◆ Work to be completed: Nothing in the data may be altered; the answer is a verbatim copy of it.

◆ Information provided:

--- START ---

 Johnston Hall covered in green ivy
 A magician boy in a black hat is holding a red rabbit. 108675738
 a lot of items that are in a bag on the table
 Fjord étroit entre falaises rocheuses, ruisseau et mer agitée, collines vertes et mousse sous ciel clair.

--- END ---

◆ Your solution:
 Johnston Hall covered in green ivy
 A magician boy in a black hat is holding a red rabbit. 108675738
 a lot of items that are in a bag on the table
 Fjord étroit entre falaises rocheuses, ruisseau et mer agitée, collines vertes et mousse sous ciel clair.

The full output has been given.